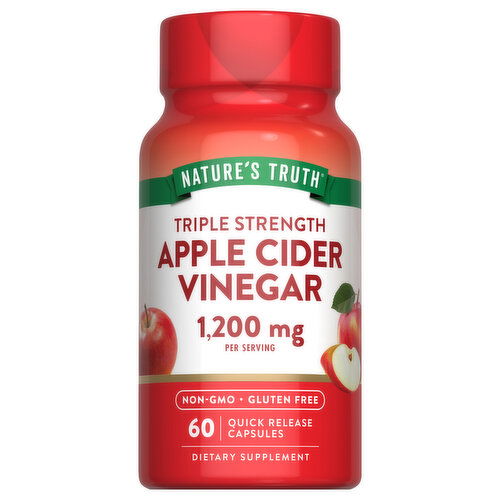 Nature's Truth Apple Cider Vinegar, Triple Strength, 1200 mg, Capsules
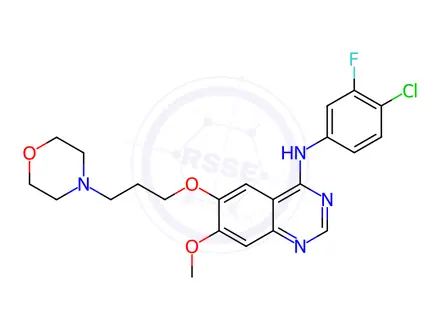 Chemical structure of Gefitinib EP Impurity B HCl
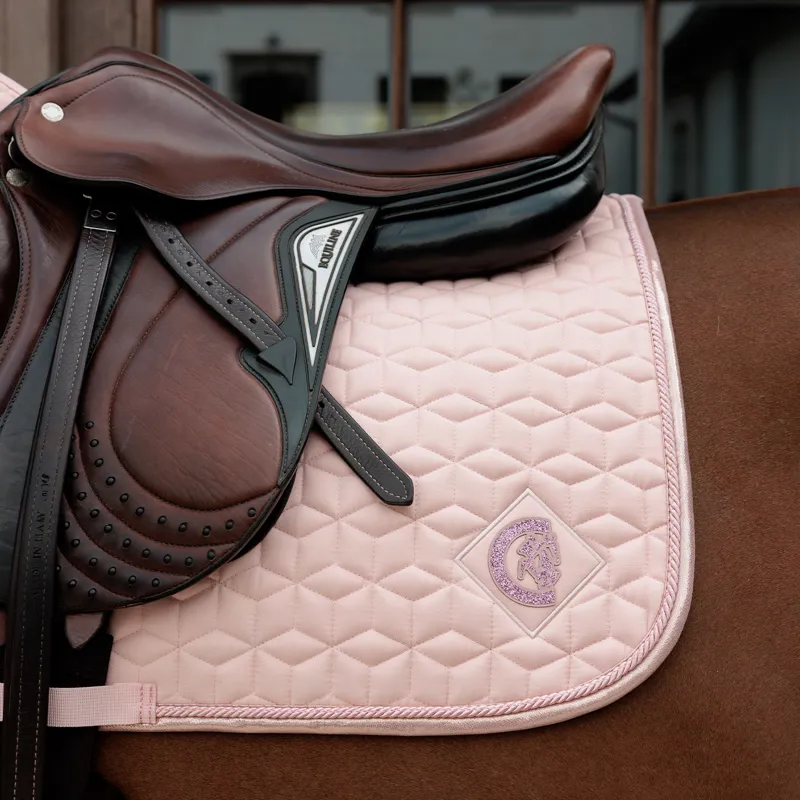 Kentucky Sparkling Jump Saddlecloth - Old Rose-2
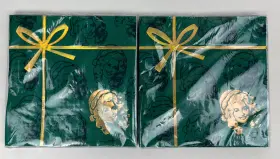 Dolly Parton 196504144125 2 Packs Lunch Napkins Christmas Ply Paper 16 Count Each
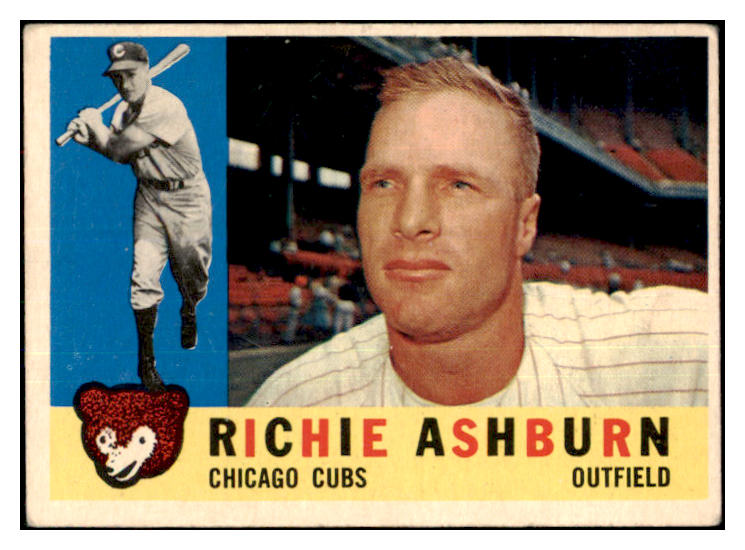 1960 Topps Baseball #305 Richie Ashburn Cubs VG 467149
+===+
> [Task goal]:
Without any pictures, restate word for word only the lines from the one with "Chemical structure of" through the end of the listing.

> [Finished exercise]:
 Chemical structure of Gefitinib EP Impurity B HCl
 Kentucky Sparkling Jump Saddlecloth - Old Rose-2
 Dolly Parton 196504144125 2 Packs Lunch Napkins Christmas Ply Paper 16 Count Each
 1960 Topps Baseball #305 Richie Ashburn Cubs VG 467149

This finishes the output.